A glance at the change in Working Capital Requirements in 2020 for 36 countries reveals a divide between Advanced Economies and Emerging Markets for the very first time. The WCR level in the West increased (+5 days in North America and +1 day across Western Europe) while it dropped in regions such as Latin America (-3 days), Eastern Europe (-2 days) and APAC (-1 day). Inventory management explains most of this diverging trend (see Appendix).

In EMs, total inventory levels were minimally impacted as demand for goods picked up and has remained strong since the summer of 2020. In contrast, the more severe lockdowns in the US and EU pushed companies into a “forced” stockpiling mode. France, Denmark and Spain, for example, saw their inventory outstanding level surge by +5 days, +7 days and +10 days, respectively, last year. The very accommodating management of payment terms between customers and suppliers fortunately tempered these increases in inventories in some Eurozone countries. France, for example, succeeded in seeing its WCR drop by -2 days over the year, thanks to longer payment terms to suppliers (+6 days) in relation to shorter payments from customers (-1 day).

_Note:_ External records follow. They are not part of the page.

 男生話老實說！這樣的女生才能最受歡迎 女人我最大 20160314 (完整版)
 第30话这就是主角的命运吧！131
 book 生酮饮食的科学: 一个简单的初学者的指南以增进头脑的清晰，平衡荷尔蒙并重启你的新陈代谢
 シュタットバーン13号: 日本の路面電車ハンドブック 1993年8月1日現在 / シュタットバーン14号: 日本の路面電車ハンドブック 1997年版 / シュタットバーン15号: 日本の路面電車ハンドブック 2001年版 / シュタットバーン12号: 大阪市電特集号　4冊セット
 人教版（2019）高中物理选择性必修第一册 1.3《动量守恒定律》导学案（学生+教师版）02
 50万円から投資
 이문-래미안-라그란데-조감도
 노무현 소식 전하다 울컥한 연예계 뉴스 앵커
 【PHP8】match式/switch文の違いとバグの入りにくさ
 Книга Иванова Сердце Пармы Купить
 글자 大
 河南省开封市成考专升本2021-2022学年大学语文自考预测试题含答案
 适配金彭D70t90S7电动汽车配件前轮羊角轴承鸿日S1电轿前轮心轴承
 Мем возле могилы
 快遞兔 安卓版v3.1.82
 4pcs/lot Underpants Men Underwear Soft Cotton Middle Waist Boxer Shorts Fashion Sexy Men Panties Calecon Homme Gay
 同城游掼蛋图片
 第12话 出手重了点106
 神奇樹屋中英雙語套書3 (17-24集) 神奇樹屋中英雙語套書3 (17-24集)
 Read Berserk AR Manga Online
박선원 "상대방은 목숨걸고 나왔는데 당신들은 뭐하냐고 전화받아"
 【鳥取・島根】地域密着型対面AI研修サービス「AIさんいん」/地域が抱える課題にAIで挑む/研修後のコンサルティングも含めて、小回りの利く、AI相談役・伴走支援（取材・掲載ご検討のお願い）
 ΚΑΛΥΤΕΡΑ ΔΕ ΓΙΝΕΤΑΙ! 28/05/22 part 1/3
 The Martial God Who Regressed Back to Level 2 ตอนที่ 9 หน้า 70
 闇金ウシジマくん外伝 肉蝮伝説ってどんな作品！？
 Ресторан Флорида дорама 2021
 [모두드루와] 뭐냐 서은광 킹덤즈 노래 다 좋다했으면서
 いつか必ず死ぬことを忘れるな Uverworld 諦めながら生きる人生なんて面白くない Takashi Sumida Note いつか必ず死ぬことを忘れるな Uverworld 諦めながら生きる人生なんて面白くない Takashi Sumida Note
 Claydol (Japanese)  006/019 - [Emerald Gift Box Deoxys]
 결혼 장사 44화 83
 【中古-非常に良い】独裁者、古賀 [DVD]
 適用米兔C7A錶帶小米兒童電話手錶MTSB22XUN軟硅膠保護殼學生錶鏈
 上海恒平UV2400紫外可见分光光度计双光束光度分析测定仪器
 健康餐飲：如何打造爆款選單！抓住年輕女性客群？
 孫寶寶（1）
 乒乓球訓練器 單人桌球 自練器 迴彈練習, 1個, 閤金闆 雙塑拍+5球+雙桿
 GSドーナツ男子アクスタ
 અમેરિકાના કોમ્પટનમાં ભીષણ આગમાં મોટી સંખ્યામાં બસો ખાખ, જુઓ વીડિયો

Massive stockpiling always weighs on WCR levels and cash balances accordingly. However, it is not always a bad thing: it can pay off if it arises from companies’ expectations about future demand growth, to be sure of being able to cater to clients’ orders on time after the crisis period. Conversely, if stockpiling results from an inability to deplete current inventories fast enough, it usually brings on cash shortages for the company, which could end up going bust in the worst case. The different levels of change in WCR from one sector to the other also depend on where they are located in the global supply chain scale in regards to the final consumer. The more a sector is capital-intensive, the more it undergoes a significant WCR rise as any supply disruptions are more expensive when a plant has to temporarily stop production due to a lack of inputs.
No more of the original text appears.